As part of a survey of working artists on the Lower East Side at the Manny Cantor Center, Culture Push displayed work and artifacts from eight projects that came out of The Fellowship for Utopian Practice. The show, curated by Linda Griggs and Yona Verwer, celebrated the organizations and artists that have called the Lower East Side home and who have been participating in the radical history of art and politics there. 

Contributing Artists

Nancy Nowacek shared a series of symbols, created in 2014, that were used in the launch of the Citizen Bridge project during her fellowship in 2012. In this project, she worked toward constructing an effective way to build a pedestrian bridge to Governor's Island. 

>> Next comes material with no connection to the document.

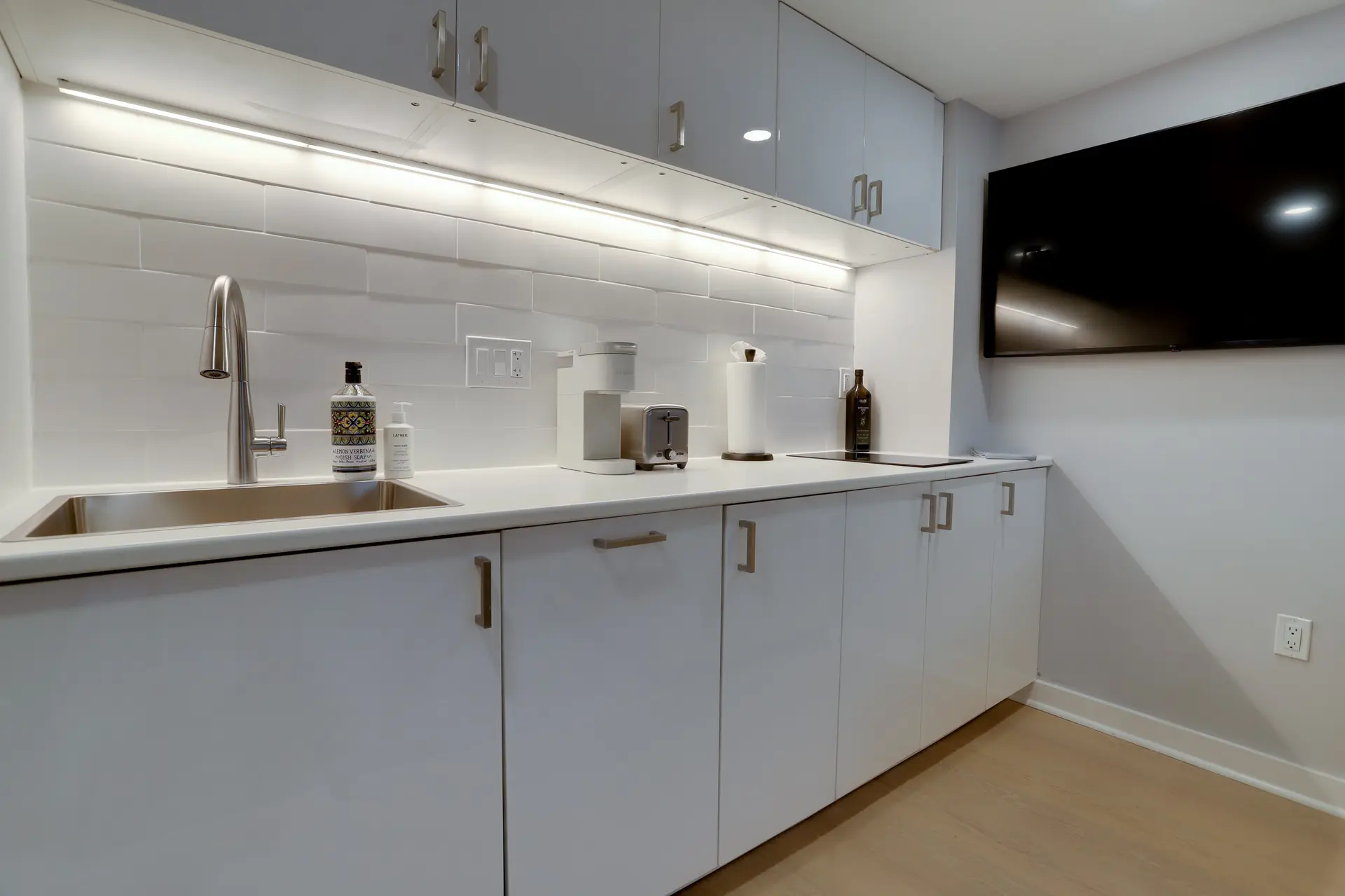 Sojourn's Garden Home | 1 BR | Sleeps 4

Esther Neff presented small diagrams from the Theatre as Theory conference, a collaborative project that she worked on with Yelena Gluzman during her fellowship in 2012. 

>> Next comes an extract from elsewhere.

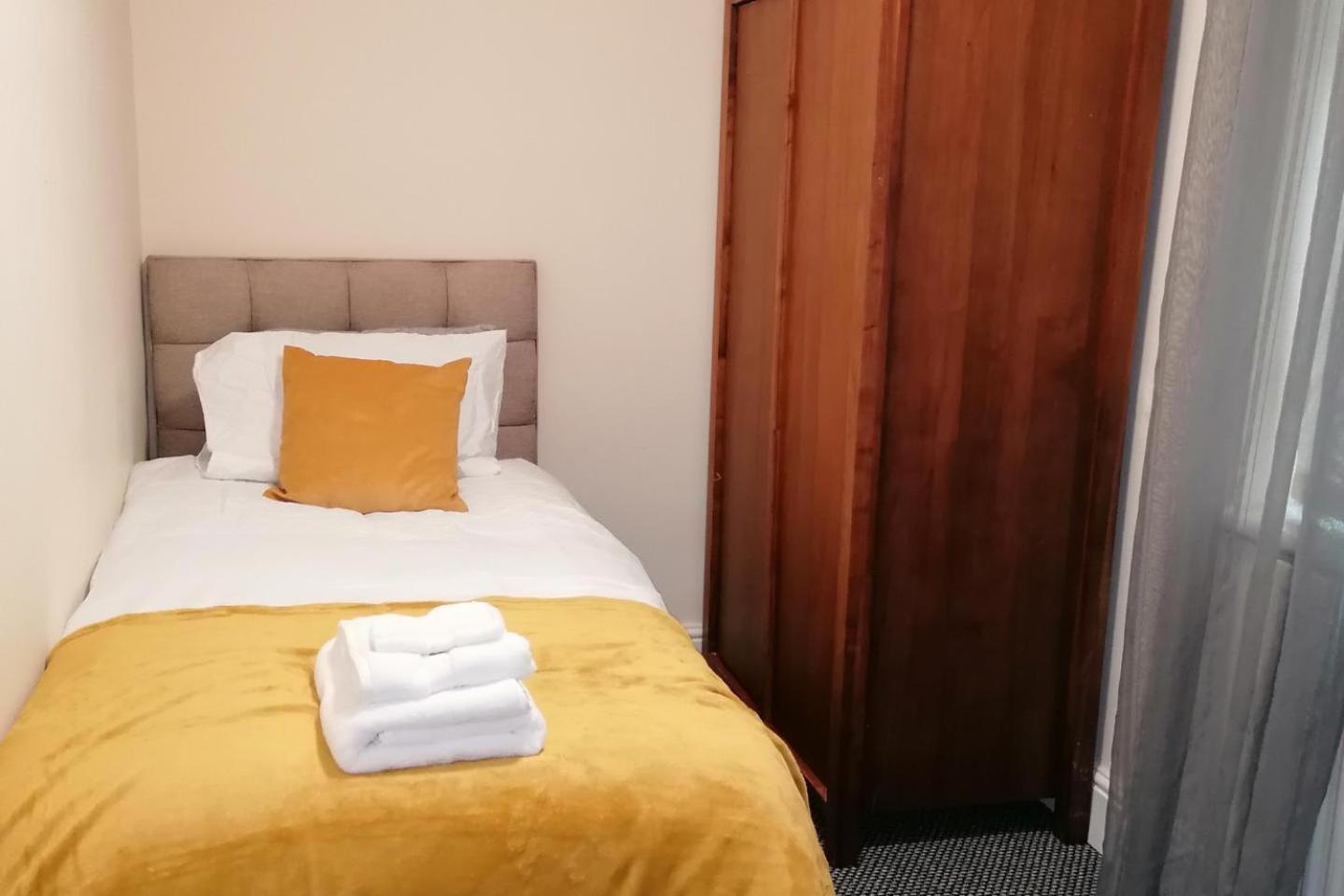 Charming 3br House - Wifi Parking Pet Friendly * Dudley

Benton Bainbridge showed a collaboration from 2002 with Bill Etra, who was the subject of Telematic Etra. His project allowed Bill, who is immobilized from congenital spinal stenosis, to talk with and inspire other artists through video chat room discussions.

Chloë Bass displayed artifacts from her Department of Local Affairs project in 2013, in which she sought to heighten the communal awareness of place as a site of everyday exchange. 

Go! PushPops, led by Katie Cercone and Elisa Garcia de la Huerta, offered a poster and necklace made from their Diamond Tribe Goddess workshops in 2013. These workshops offered a safe space for low-income queer youth to explore movement as a self-empowerment tool.  

Alicia Grullon shared documentation from Percent for Green, her project in 2013 which facilitated community coalition and utilized art-making as a means to create solutions for environmental progress in local communities.  

Liz Linden and Jen Kennedy displayed photographs of participants in a T-shirt giveaway that took place in relation to their 2013 fellow project, The New York Times Feminist Reading Group. Organized as a series of collaborative public performances and a culminating publication, their project invited others to annotate and discuss New York Times issues through a feminist lens.

Barrie Cline and Sol Aramendi shared documentary art from participants in Usa tu celular, their fellows project in 2014 that led art-making and coalition-building workshops for day laborers to create self-representations that counter the criminalized stereotypes.